The first landing at night is unforgettable: the beach, approached in darkness, twinkling with its myriad small campfires like some silent, ghostly fun fair; the men taking refuge in the sea during a routine daylight shelling, their bodies twisting idly under water to the soft percussion of gunfire above the surface; the men’s last letters, pinned with bayonets to the sandbags before the final charge: the hard, relentless sunlight, redolent of home.
Of the two friends, Frank is the more reluctant soldier and his first case of fear after all the early jollity and bravado is a moment of wrenching anguish. When at last the Australian troops go over the top, Weir draws our attention briefly to the ranks of Turkish machine-gunners and, for the first time, there’s an almost obscene concentration on weapons and ammunition. It’s the sort of shot familiar to B-grade westerns; but here the effect is strangely shocking as guns are casually handled and readied for their lethal task.
One cannot praise the performances too highly, the young actors meet the demands made upon them with immense skill and understanding, and Bill Hunter is splendid as the hard-pressed Major Barton, conscious of the fate that awaits his men as they are sacrificed in a futile actions to draw the Turkish fire.
In an unimportant sense, the film’s tone is anti-British: but in contrast with a film like Breaker Morant, the political stance in Gallipoli is irrelevant both to the narrative and director’s deeper purpose. Weir’s aim is not to accuse, but to explain: not to preach, but to lament: to show what happened and what is was like. Other directors of war films have been driven by anger and contempt — a hatred of militarism and the men who promote it.
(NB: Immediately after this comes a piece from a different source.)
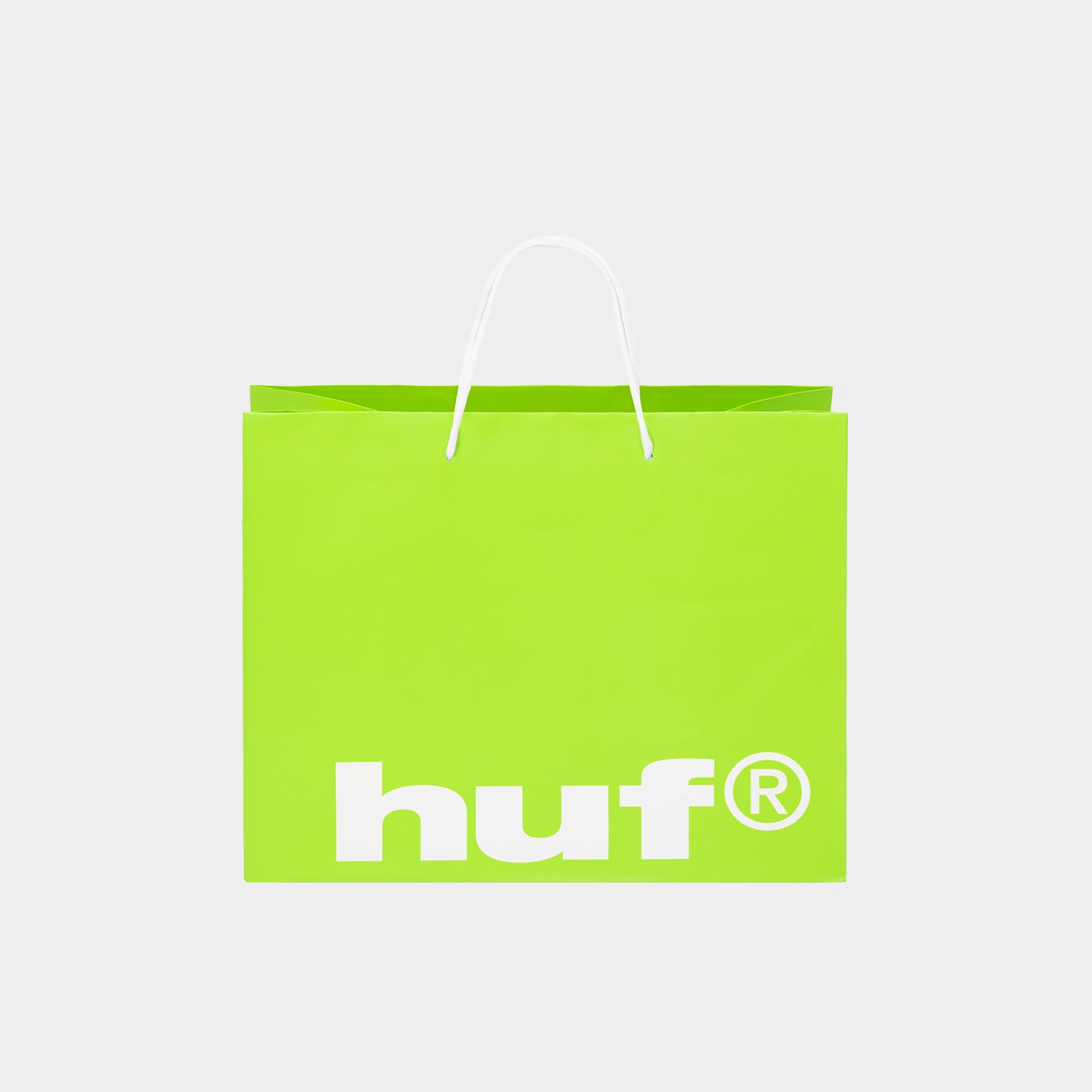 HUF (ハフ) Worldwide JP /()/ SHOPPING BAG M商品 /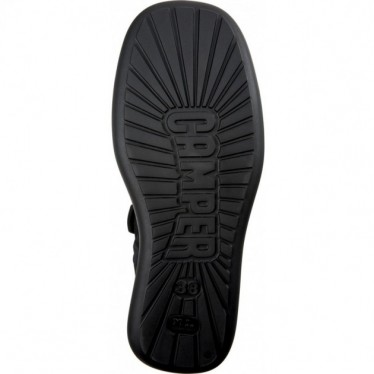 Bailarina CAMPER Onda K201680 NEGRO_004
Weir is driven by compassion and he is sufficiently far removed from his subject in time and place to look on all its incalculable suffering with a rare detachment. The blunders of the military and the motive of the men — misguided patriotism, thoughtless bravado, a simple sense of duty — are clearly examined and held up for inspection: but Weir does not despise them. He invites us simply to consider and understand.
Gallipoli is not a fireworks display; a tirade against official bungling or a wallow in nostalgia; there is a sunniness, an inner sense, above all that tranquillity in its mood that sets it apart — a tone matched beautifully by the passage from the Albinoni Adagio used in the credits.
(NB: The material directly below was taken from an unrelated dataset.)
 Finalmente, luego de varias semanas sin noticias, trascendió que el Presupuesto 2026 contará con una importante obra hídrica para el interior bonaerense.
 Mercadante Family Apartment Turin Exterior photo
One could, I suppose, find fault with Gallipoli, but the faults would be ones of detail. One might have wished for trivial things, shorter haircuts or less time in the fleshpots or markets of Egypt.
We know something of Weir’s concen for verisimitude, but whether the film is “true” in all its detail seems to me beside the point. My own reaction, as one with no experience of the subject, was always to reflect: “Yes, that’s probably what it was like” — remembering that Weir’s objective was not to show us Gallipoli through a documentary lens, but with an artist’s vision. He has succeeded magnificently.